**YOUR INSTRUCTIONS:**
From the line that has "Hamburg a promovat în Bundesliga" down to the last line of the data below, set down every line exactly, but none of the pictures.

**COLLECTED MATERIAL:**
*** Block opens ***

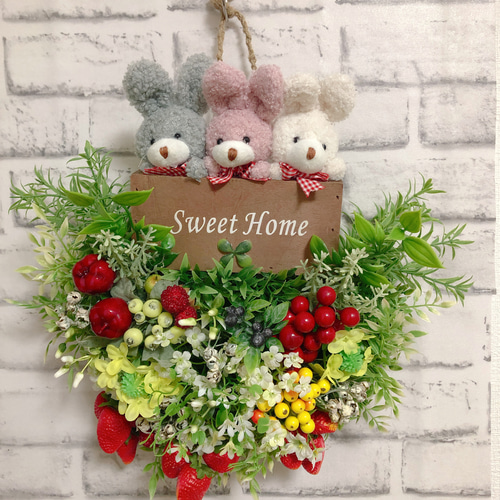 30cm☆うさぎと苺とベリーのウェルカムフラワーリース アーティ  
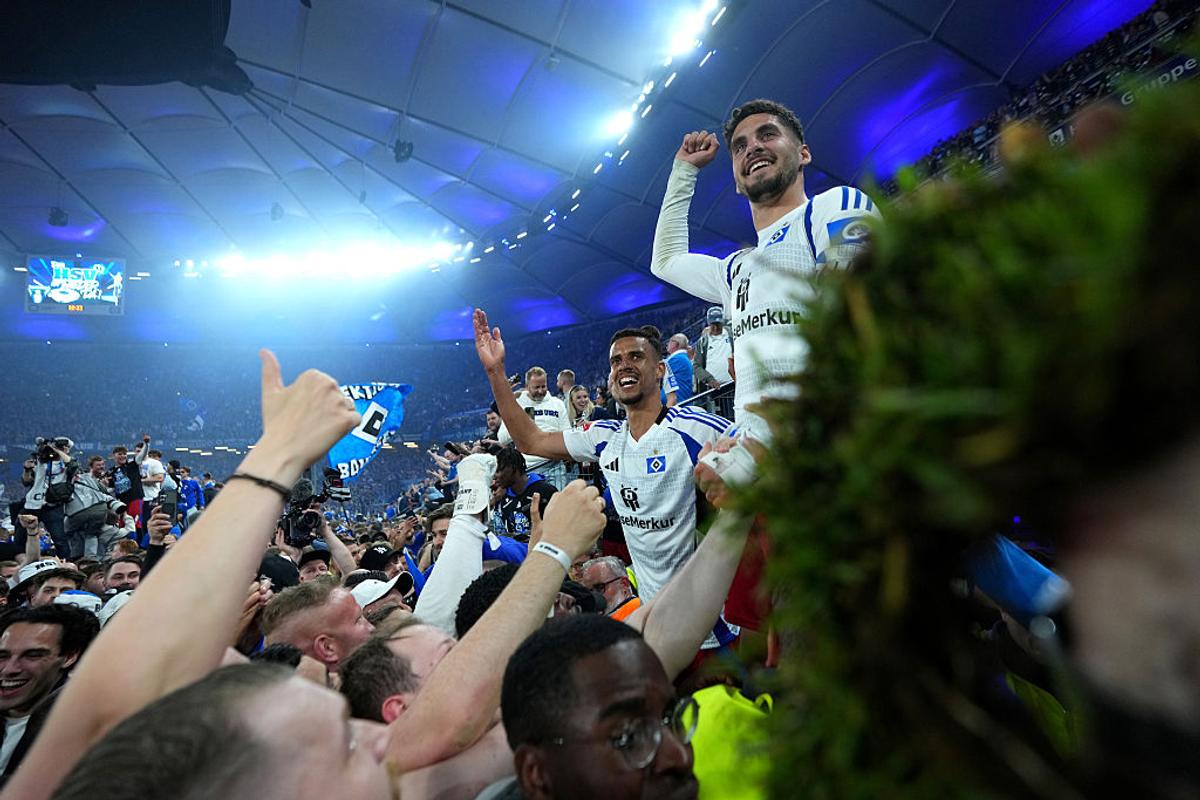 Hamburg a promovat în Bundesliga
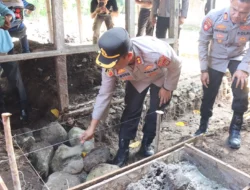 Kapolres Pasaman Barat Menggelar Kegiatan Peletakan Batu Pertama Bedah Rumah di Kecamatan Kinali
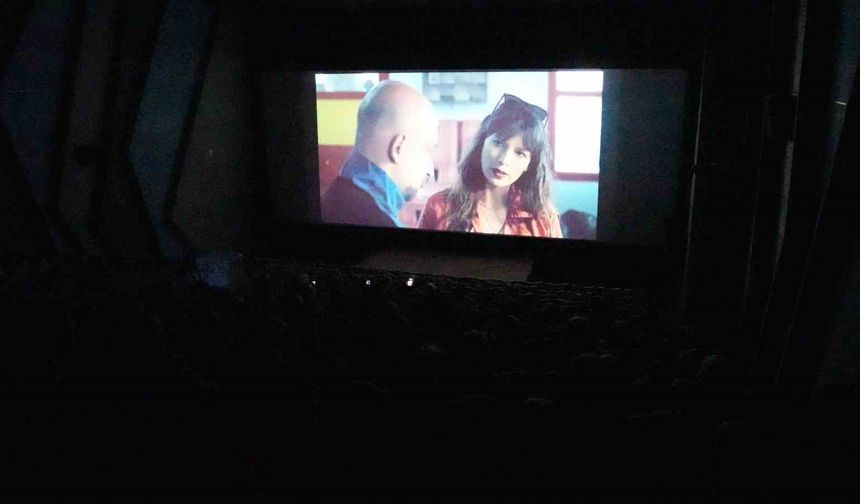 Kadınlar için film gösterimi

*** Block closes ***

**SOLUTION TO THIS EXERCISE:**
 Hamburg a promovat în Bundesliga
 Kapolres Pasaman Barat Menggelar Kegiatan Peletakan Batu Pertama Bedah Rumah di Kecamatan Kinali
 Kadınlar için film gösterimi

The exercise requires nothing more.